Death row inmate, 61-year-old David Earl Miller was executed tonight by the electric chair. He was pronounced dead at 7:25 p.m.
The warden asked for any last words and Miller said something that was unintelligible. He was asked to repeat it and it is believed he said 'beats being on death row.'
Miller was convicted of killing 23-year-old Lee Standifer, who was mentally disabled, in Knoxville in 1981.
Lee Standifer
David Earl Miller
A man Miller was living with found Standifer's body naked in the yard with her hands bound and roped wrapped around her body. She had been beaten and stabbed multiple times with a fire poker.
Through the years, two trials were held and in both, Miller was convicted of first degree murder.
Miller is the second Tennessee inmate in just more than a month to choose the electric chair. His attorneys argued that the state's lethal injection method causes a prolonged and torturous death.
Governor Haslam declined Miller's clemency application, in which his attorney claimed Miller had been suffering from “severe mental illness” at the time of his crime, and that his mental state places him “far outside that group of offenders who are the worst and for whom the death penalty is reserved.”

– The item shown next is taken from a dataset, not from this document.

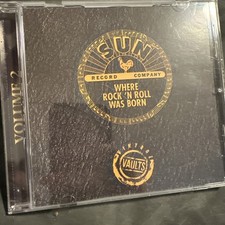 WHERE ROCK N ROLL WAS BORN CD VOLUME 2 ROY ORBISON JERRY LEE LEWIS BILL JUSTIS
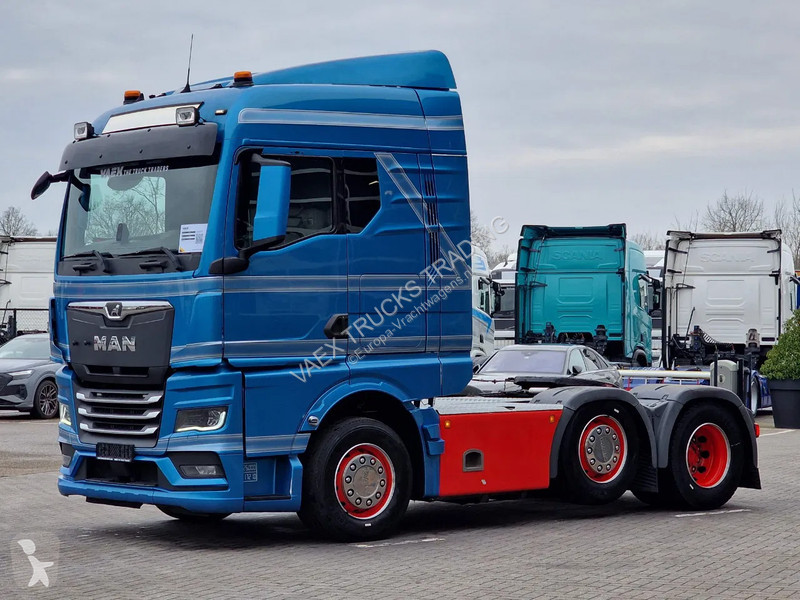 Tracteur MAN 26.510 6x2 XLX - Full spoiler -...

Less than two hours before Miller was executed, the U.S. Supreme Court denied to grant him a stay of execution. Justice Sonia Sotomayor dissented from the court’s decision, saying she would have given Miller a stay.
Sotomayor — who also dissented from the high court’s rulings regarding Tennessee’s two other death row inmates executed this year — was critical of an earlier Supreme Court ruling requiring inmates themselves to find an available alternative to lethal injection in order to challenge it.
In her dissent, Sotomayor said that court decision is a reason why Tennessee’s death row inmates are now choosing the electric chair instead.
Sotomayor concluded in her dissent: “Such madness should not continue.”
The inmate was moved to death watch Wednesday and served his requested last meal Thursday afternoon at 4 p.m.